Die Geburt des kleinen Duncan verlief zwar wie im Bilderbuch - dennoch war es eine, wie sie nicht alle Tage passiert. Duncan kam im November 2010 zur Welt. Nicht im Kreißsaal, sondern in einer Röhre in der Berliner Charité. So konnten Geburtsmediziner erstmals die Vorgänge im Körperinneren einer Frau in Echtzeit mitverfolgen.
Die Mutter lag während der Entbindung in einem speziellen Kernspintomografen (MRT). Das Gerät war offen, so dass sich die 24-Jährige Mutter etwas bewegen konnte und die Geburtshelfer an sie heran konnten. Jetzt haben die Ärzte um Christian Bamberg das Video in einem Fachmagazin veröffentlicht. Es sind spektakuläre Bilder, die zeigen, wie die Mutter den Kopf des Kindes langsam und schubweise durch den Geburtskanal nach draußen presst.
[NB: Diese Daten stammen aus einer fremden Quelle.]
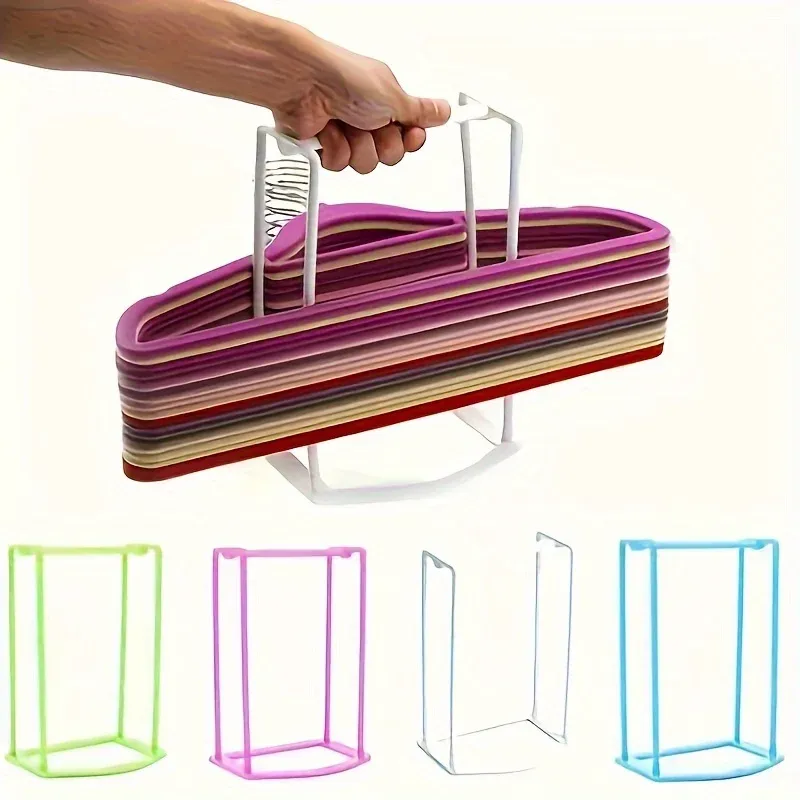 Support de rangement pour cintres dans une garde-robe élégante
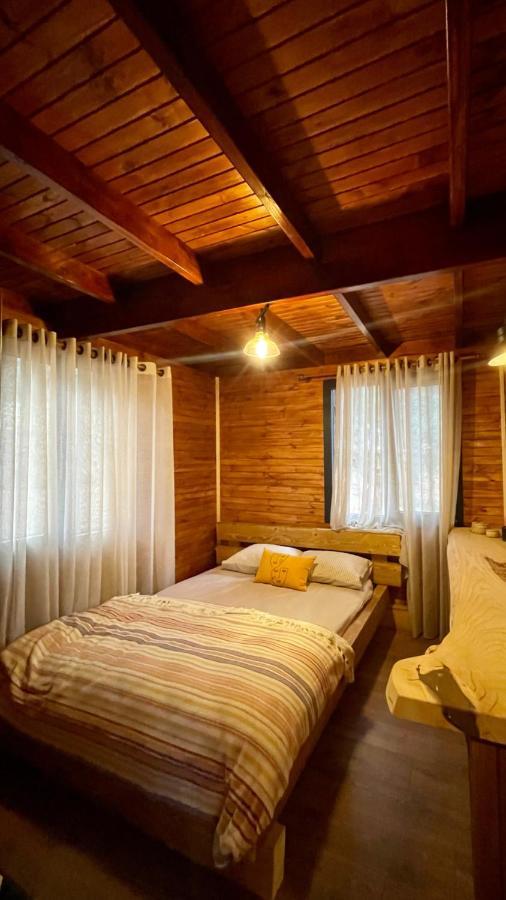 Panurlawoodenhouse Oezel Havuz& Sauna Mavi Ngoại thất bức ảnh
Abseits der faszinierenden Einblicke wollen die Forscher mit Hilfe ihrer Ergebnisse ungeklärten Fragen nachgehen: Durch derartige Dokumentationen sollen Ärzte künftig früher und besser kritische Phasen einer Geburt einschätzen können. Zudem wollen die Wissenschaftler herausfinden, warum es in etwa 15 Prozent aller Geburten zu einem Stillstand kommt und das Kind per Kaiserschnitt entbunden werden muss.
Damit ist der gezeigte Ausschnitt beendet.